The cost of staging the London Olympic Games in 2012 has increased dramatically since London's victory in Singapore in July 2005, with the original £2.4bn budget. Thousands people supporting Olympics were watching both on big screens in Trafalgar Square as well as at homes the celebrations of the unexpectedly won bid back then. Unfortunately, the mood among those fans is different now.
The final estimated budget for the 2012 London Olympics has gone up to £9.325bn. London may be overtaking Athens whose event cost of £6.9bn, was the most expensive in the history of the Olympic Games. Are the London’s Olympics worth any money?

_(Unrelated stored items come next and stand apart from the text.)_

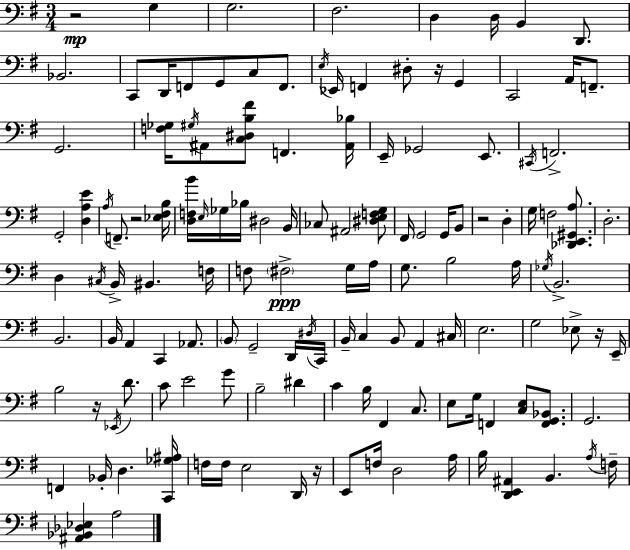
{
  \clef bass
  \numericTimeSignature
  \time 3/4
  \key g \major
  r2\mp g4 | g2. | fis2. | d4 d16 b,4 d,8. | \break bes,2. | c,8 d,16 f,8 g,8 c8 f,8. | \acciaccatura { e16 } ees,16 f,4 dis8-. r16 g,4 | c,2 a,16 f,8.-- | \break g,2. | <f ges>16 \acciaccatura { gis16 } ais,8 <c dis b fis'>8 f,4. | <ais, bes>16 e,16-- ges,2 e,8. | \acciaccatura { cis,16 } f,2.-> | \break g,2-. <d a e'>4 | \acciaccatura { a16 } f,8.-- r2 | <ees fis b>16 <d f b'>16 \grace { e16 } ges16 bes16 dis2 | b,16 ces8 ais,2 | \break <dis e f g>8 fis,16 g,2 | g,16 b,8 r2 | d4-. g16 f2 | <des, e, gis, a>8. d2.-. | \break d4 \acciaccatura { cis16 } b,16-> bis,4. | f16 f8 \parenthesize fis2->\ppp | g16 a16 g8. b2 | a16 \acciaccatura { ges16 } b,2.-> | \break b,2. | b,16 a,4 | c,4 aes,8. \parenthesize b,8 g,2-- | d,16 \acciaccatura { dis16 } c,16 b,16-- c4 | \break b,8 a,4 cis16 e2. | g2 | ees8-> r16 e,16-- b2 | r16 \acciaccatura { ees,16 } d'8. c'8 e'2 | \break g'8 b2-- | dis'4 c'4 | b16 fis,4 c8. e8 g16 | f,4 <c e>8 <f, g, bes,>8. g,2. | \break f,4 | bes,16-. d4. <c, ges ais>16 f16 f16 e2 | d,16 r16 e,8 f16 | d2 a16 b16 <d, e, ais,>4 | \break b,4. \acciaccatura { a16 } f16-- <ais, bes, des ees>4 | a2 \bar "|."
}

The truth is that to win the bid of hosting Olympics a figure cost had to be acceptable to British public. Olympics would not get as much support as they did if the public knew that it is going to be most costly sports event ever of which big part will be paid by London council tax payers.
Security, new homes in the Olympics zone, construction work etc. What does actually cost so much money? Delays in setting the budget raised concerns about the final bill among the public. Is the project still under control? Shadow Olympics minister Hugh Robertson said that: “While the figures remain ambiguous, we can only expect further increases." He also admitted that the secretary of state, Tessa Jowell: “has failed to disclose the true cost of VAT, contingency, building cost inflation and security, much of which was entirely predictable at the time of the bid.”
Ms Jowell said that despite the increases the Olympics would still be "great for Britain."
"There is no part of our national life that will not be enriched by hosting the games," she said.
Ken Livingstone argued that “The games will bring 40,000 new homes and 50,000 new jobs to one of the poorest parts of London.” While the cost of housing is rising in East London because of the games, houses in the area are more likely to become unaffordable, which is a sign of success and failure.